# COLLECTED MATERIAL
>>>

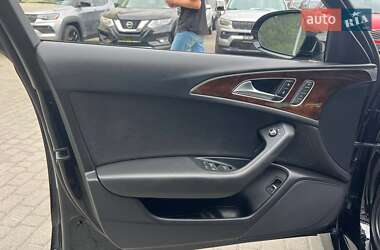 Седан Audi A6 2017 в 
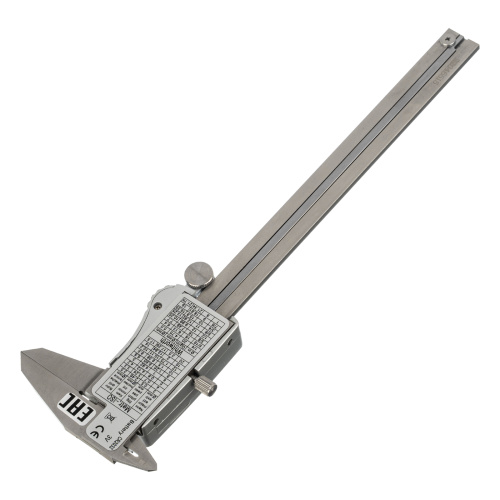 Штангенциркуль, 150 мм, электронный, большой дисплей, с глубиномером Denzel по ценам производителя в Екатеринбурге с доставкой по всей России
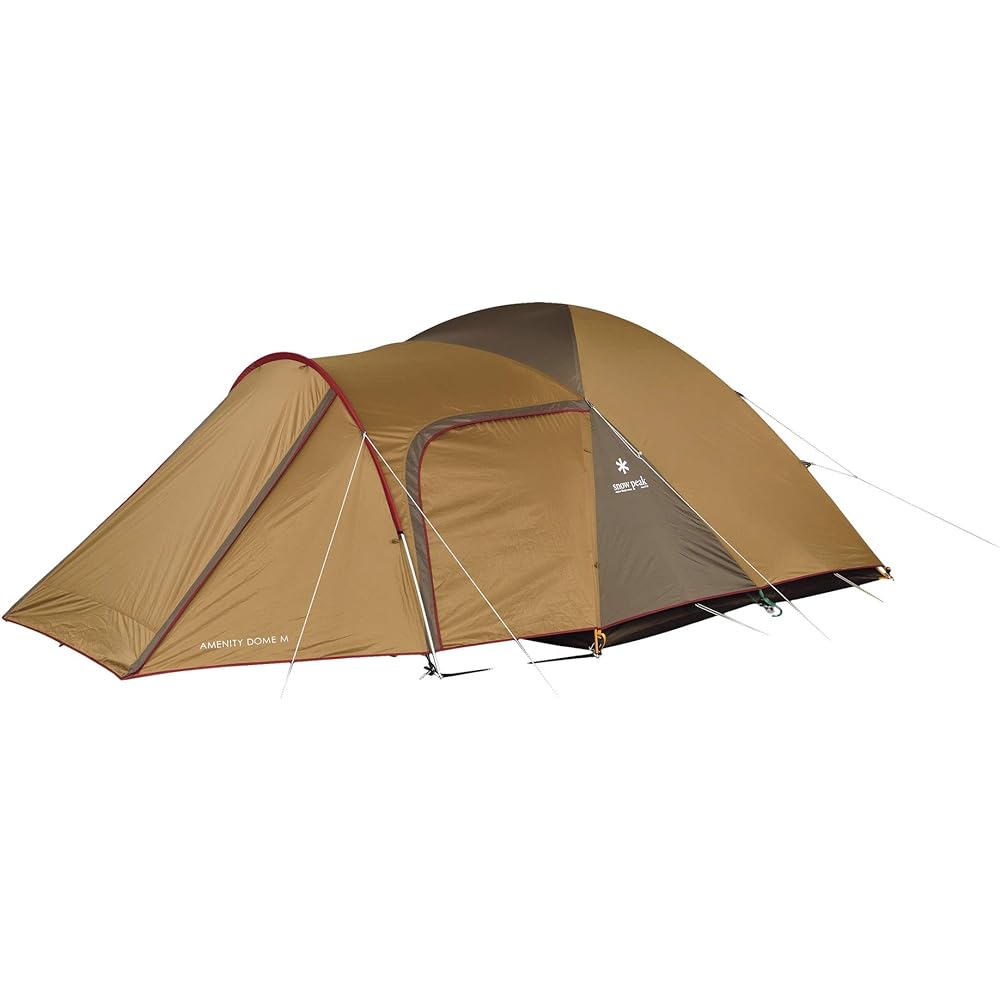 Snow Peak Tent Amenity Dome [3/5/6 people]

<<<

What this calls for is a word-for-word copy of the listing above, pictures excluded.

 Седан Audi A6 2017 в 
 Штангенциркуль, 150 мм, электронный, большой дисплей, с глубиномером Denzel по ценам производителя в Екатеринбурге с доставкой по всей России
 Snow Peak Tent Amenity Dome [3/5/6 people]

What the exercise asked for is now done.